Top of Supplied records
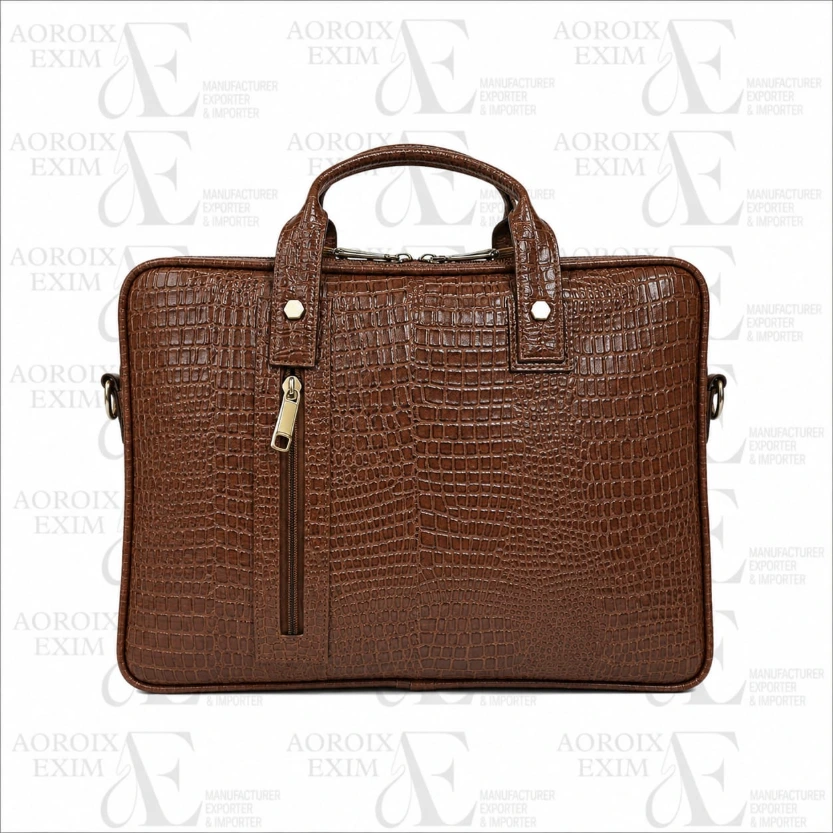 Sleek Brown Leather Laptop Bag (AE27)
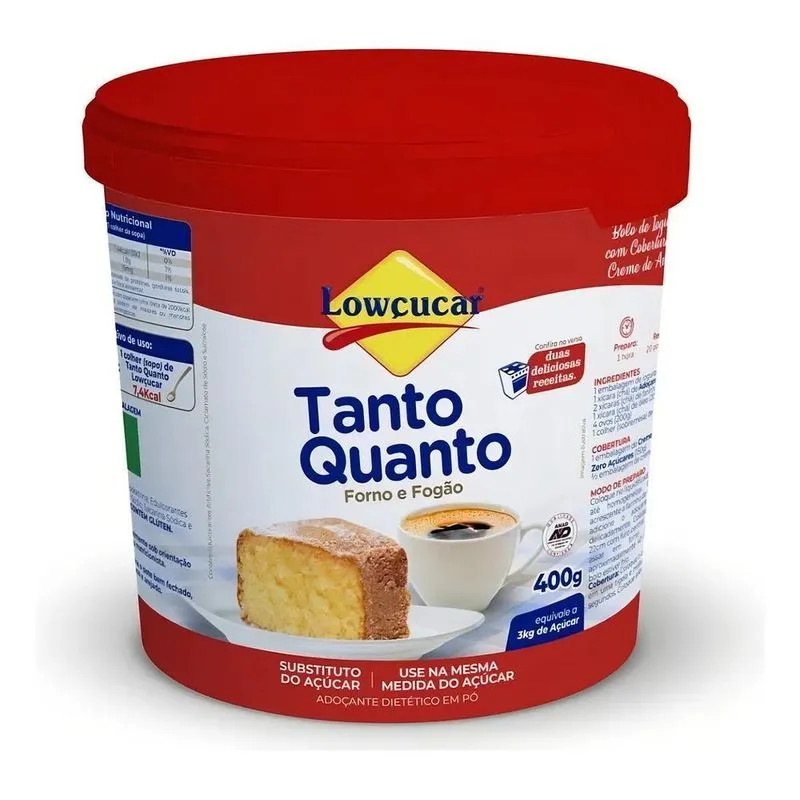 5x Adoçante Tanto Quanto Forno E Fogão Lowçucar 400g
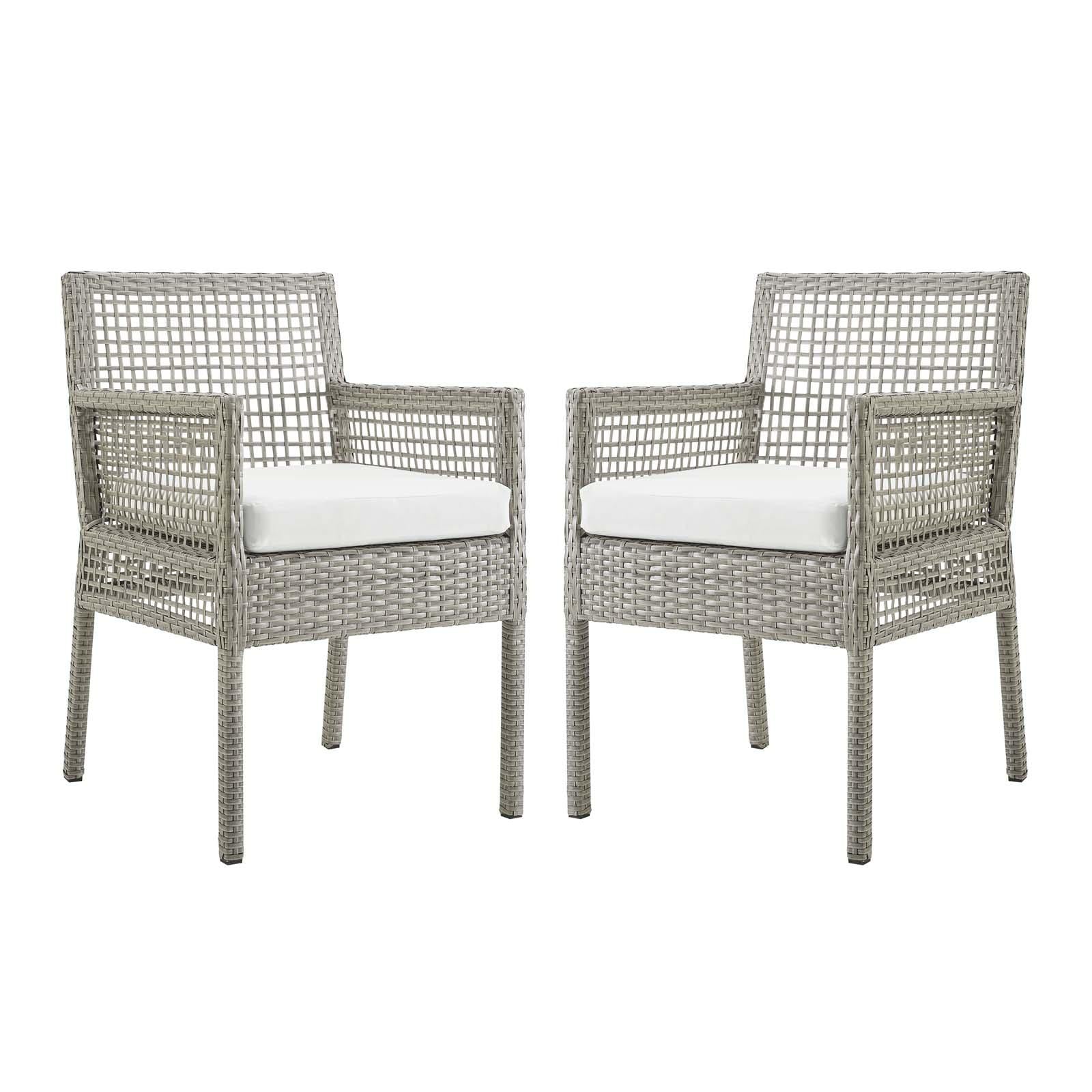 Modway Furniture Modern Aura Dining Armchair Outdoor Patio Wicker Rattan Set of 2 - EEI-3561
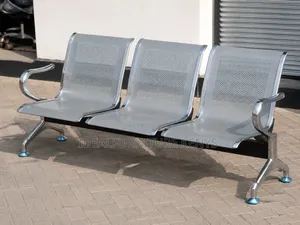 3-Seater Stainless Steel Metal Waiting Bench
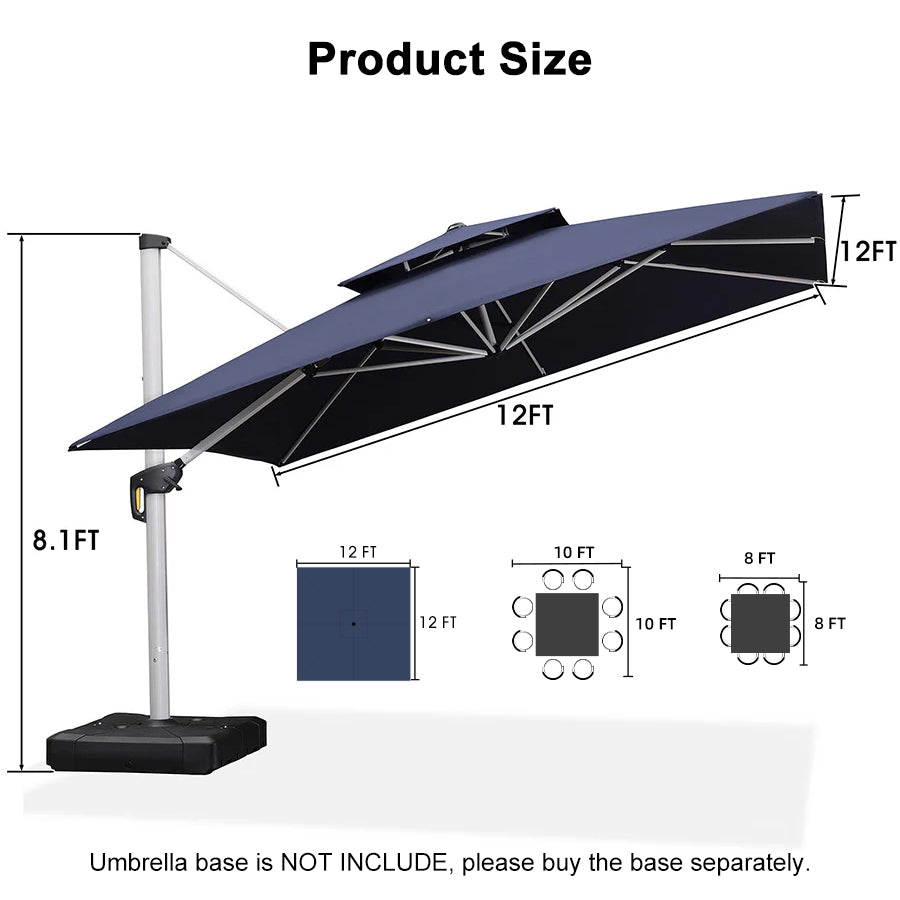 PURPLE LEAF Outdoor Windproof Umbrella, Square Cantilever Umbrella Outside Patio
Bottom of Supplied records
=== Your objective ===
None of the pictures belong in the copy; transcribe the rest of the data exactly.

=== Answer to this problem ===
 Sleek Brown Leather Laptop Bag (AE27)
 5x Adoçante Tanto Quanto Forno E Fogão Lowçucar 400g
 Modway Furniture Modern Aura Dining Armchair Outdoor Patio Wicker Rattan Set of 2 - EEI-3561
 3-Seater Stainless Steel Metal Waiting Bench
 PURPLE LEAF Outdoor Windproof Umbrella, Square Cantilever Umbrella Outside Patio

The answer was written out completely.